[Source data]:
·····

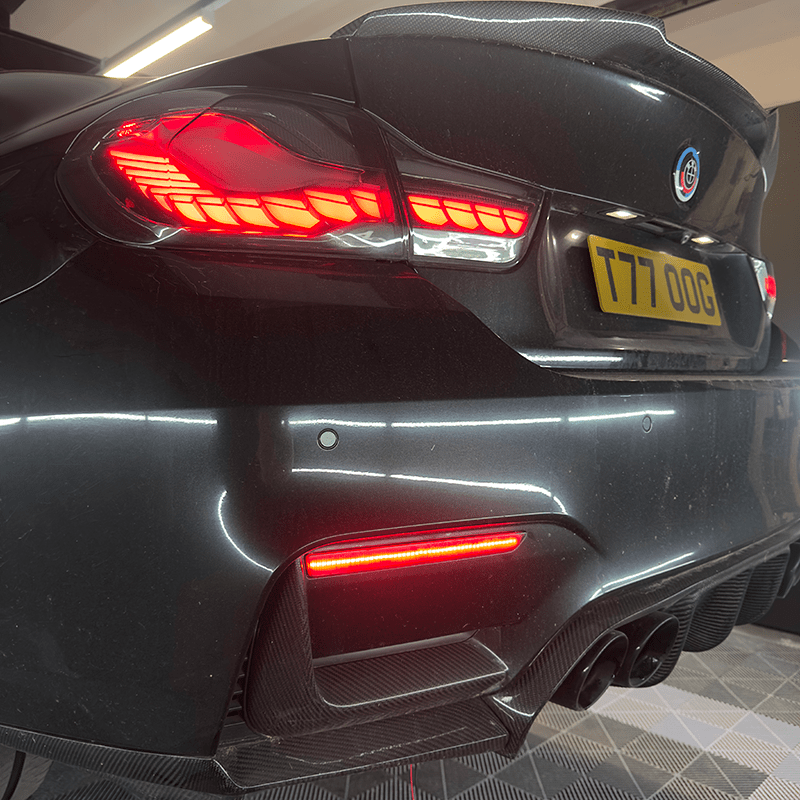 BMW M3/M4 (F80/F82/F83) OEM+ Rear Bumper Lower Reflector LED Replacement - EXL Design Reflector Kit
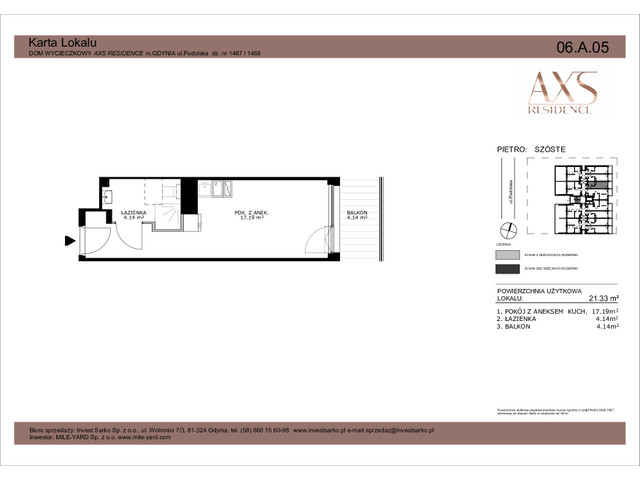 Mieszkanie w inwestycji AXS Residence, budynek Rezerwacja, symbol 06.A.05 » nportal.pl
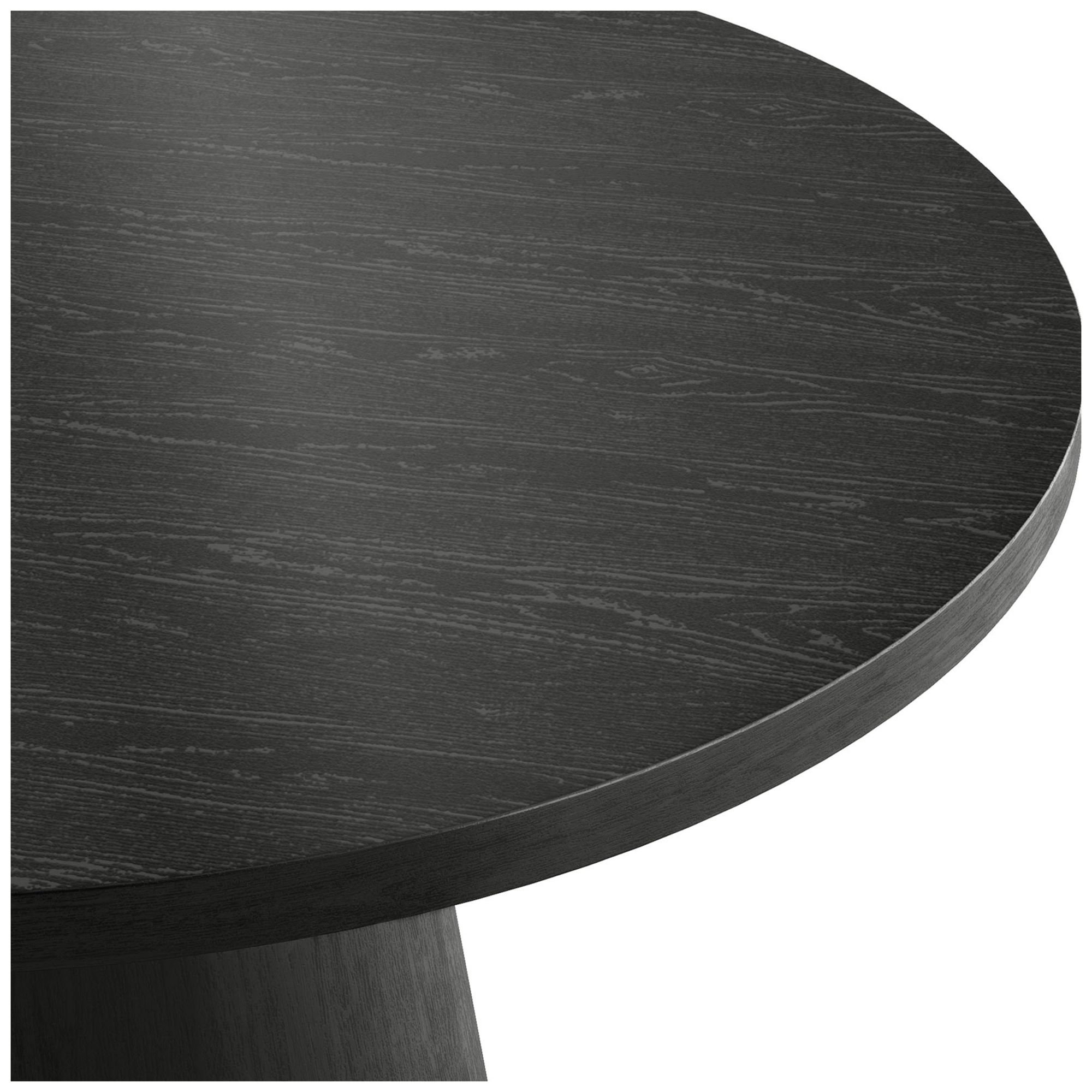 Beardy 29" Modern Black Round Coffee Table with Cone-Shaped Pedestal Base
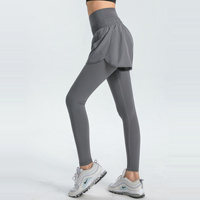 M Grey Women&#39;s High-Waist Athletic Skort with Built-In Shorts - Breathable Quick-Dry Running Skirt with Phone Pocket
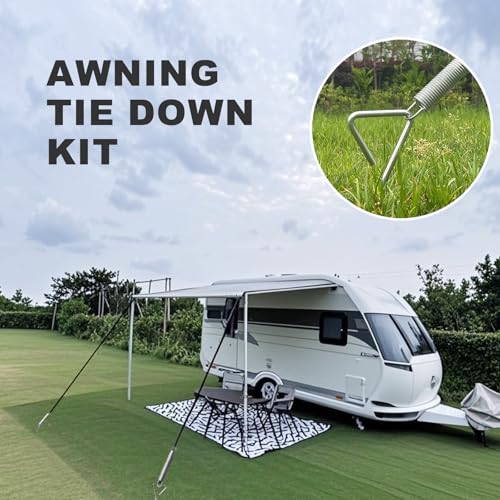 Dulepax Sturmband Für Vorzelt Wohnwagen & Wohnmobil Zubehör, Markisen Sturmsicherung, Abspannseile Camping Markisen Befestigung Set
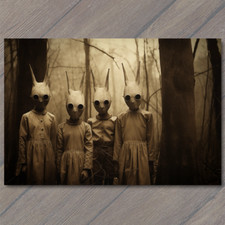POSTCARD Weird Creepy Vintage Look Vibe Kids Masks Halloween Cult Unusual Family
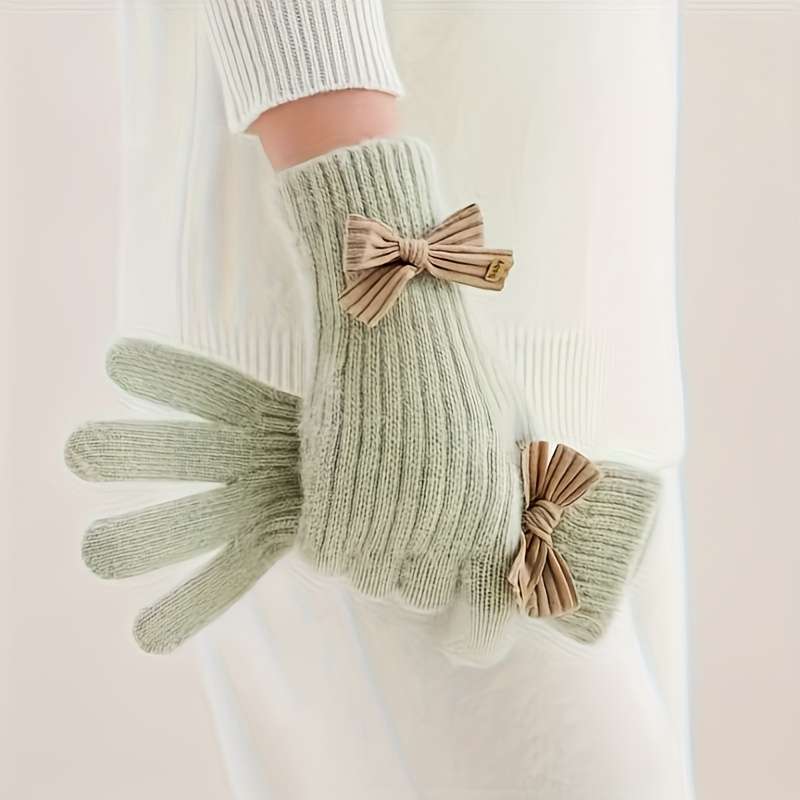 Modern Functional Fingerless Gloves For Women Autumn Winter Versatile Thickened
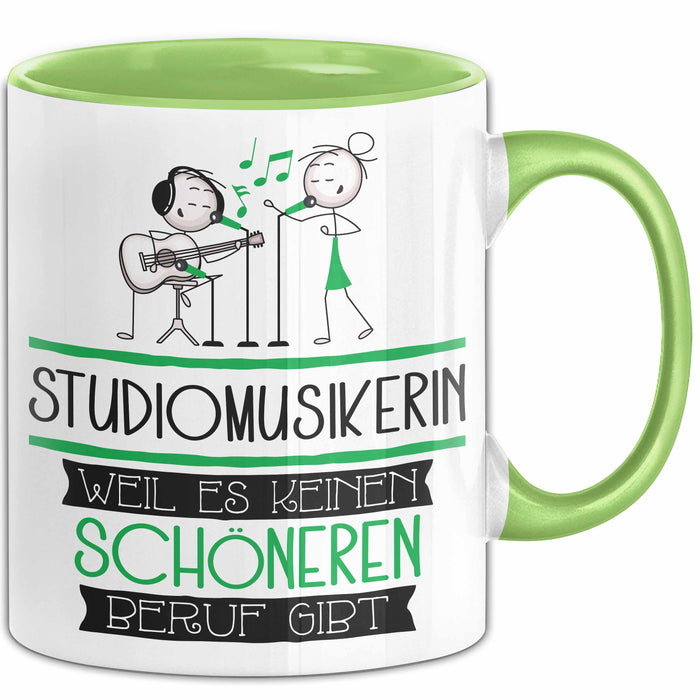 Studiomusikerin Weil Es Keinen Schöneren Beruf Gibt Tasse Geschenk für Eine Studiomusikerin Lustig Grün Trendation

·····

[Problem to work on]:
All lines from the beginning of the material through the line that holds "Cone-Shaped Pedestal Base", both included, should be returned exactly; please omit any pictures and add no other lines.

[The answer]:
 BMW M3/M4 (F80/F82/F83) OEM+ Rear Bumper Lower Reflector LED Replacement - EXL Design Reflector Kit
 Mieszkanie w inwestycji AXS Residence, budynek Rezerwacja, symbol 06.A.05 » nportal.pl
 Beardy 29" Modern Black Round Coffee Table with Cone-Shaped Pedestal Base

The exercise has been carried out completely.